Today is the 15th Red Nose Day. Little did we know that founding the charity Comic Relief back in 1985 would be the start of a Great British institution: the first Red Nose Day took place in 1988 and since then people across the land have enjoyed the chance to let their hair down and do something funny for money at home, school and work.
There have been so many highlights over the years. We've donned all manner of ridiculous red noses, broken hundreds of world records and said pants to poverty. We've enjoyed comedy from the likes of Rowan Atkinson, French and Saunders and Miranda Hart. We've watched Ali G interview Posh and Becks, Billy Connolly streak around Piccadilly Circus and Catherine Tate "bovver" Tony Blair. Celebrities have climbed Mount Kilimanjaro, trekked through the desert and rowed the Zambezi.
Today will be no exception, with millions of people around the country taking part in mad fundraising activities before settling down for a great night in front of the telly. And the nation's kids will be a huge, vital part of this.
As such, schools make an incredible contribution to the success of Red Nose Day. In 2013, children from early years classes through to sixth form raised more than pound;9 million through cake sales, dress-up days, sponsored events and simply having a laugh. Red Nose Day is almost like a national holiday for young people - they've grown up with it and enjoy the feeling that they can make a difference.
This year, the UK government has pledged to double the money raised by schools. Our mission is to make enough to get 300,000 children across Africa into education and learning. Having the potential to transform the lives of so many people is phenomenal. Children need knowledge and skills if they are to build a better future. Getting an education is the key.
My own experience of education has been a mixed bag. My parents both worked in factories and, to them, education was a luxury. They wanted us to do well. But if we didn't, that was life. We weren't sitting around reading plays in Latin - we were watching telly and yelling at each other a lot.
I enjoyed school and was happy most of the time. I loved science because instead of telling me off for impersonating people in class, my teacher lent me a reel-to-reel tape recorder and encouraged me to use it to make up sketches. In return I was expected to hand in my homework on time and I even ended up passing CSE science. English was good, too, because I loved reading. But that magical moment you see in the movies where the inspirational teacher presses a metaphorical button and suddenly you're flying through lessons never happened for me. I stayed a bit foggy, a bit lost, in most of my classes.
Having failed my 11-plus, I wasn't encouraged to do O-levels or go to university.
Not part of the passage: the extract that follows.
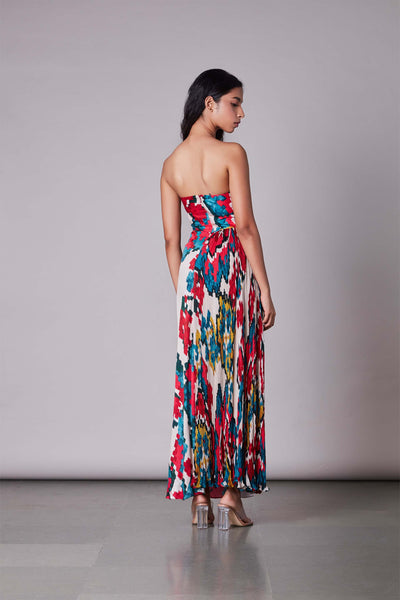 Saaksha & Kinni Ikat Print Multi Maxi Dress multicolor western indian designer wear online shopping melange singapore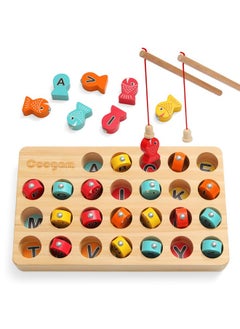 Coogam Coogam Wooden Magnetic Fishing Game, Fine Motor Skill Toy ABC Alphabet Color Sorting Puzzle, Montessori Letters Cognition Preschool Gift for Years Old Kid Early Learning with 2 Pole  - Image 1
I was told that if I didn't work hard I'd end up in a factory, but I worked reasonably hard and wound up in a factory anyway, just like my parents. It felt like we were pushing against a closed door. Young people like me needed more mentoring and encouragement from everyone involved.
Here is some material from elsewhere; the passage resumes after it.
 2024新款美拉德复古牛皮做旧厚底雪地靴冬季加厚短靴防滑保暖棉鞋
Although I quickly moved from a welding apprenticeship into show business, there was a bit of me that always wondered what it would have been like to get an O-level. So during a Blackpool summer season with Cannon and Ball, I enrolled at college to study English language and literature. It caused a bit of a stir in the exam room when the bloke from Tiswas walked in, but my love of learning was sparked. Since then I've gone on to do an Open University degree and an MA in screenwriting, and I'm now studying for a PhD.
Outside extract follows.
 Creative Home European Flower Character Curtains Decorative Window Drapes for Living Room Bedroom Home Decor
Knowledge and skills open doors
Perhaps because I was a late convert to education, I'm passionate about all children having the right to learn. It's easy to moan about life in the Western world, but we're very lucky that the majority of us have the opportunity to become literate and numerate. Having been to some of Africa's poorest countries, I've seen at first hand how privileged we are in this sense.
Millions of children across Africa are still missing out on going to school. Some have to work to support their families. Others can't afford uniform, shoes and books, or they don't go because of disabilities or simply because they're female. The impact of this lack of learning is immense. There's no point in printing a poster about HIV or Ebola if the passers-by can't read. In the longer term, knowledge and skills open doors to further education and jobs. If African children don't go to school, they're trapped.
The good news is that there's an unbelievable thirst for learning across Africa; even the tiniest children understand the value of education. During my visits, I've met kids who are amazingly motivated and cherish every opportunity to learn. They want to be engineers, doctors, lawyers or teachers.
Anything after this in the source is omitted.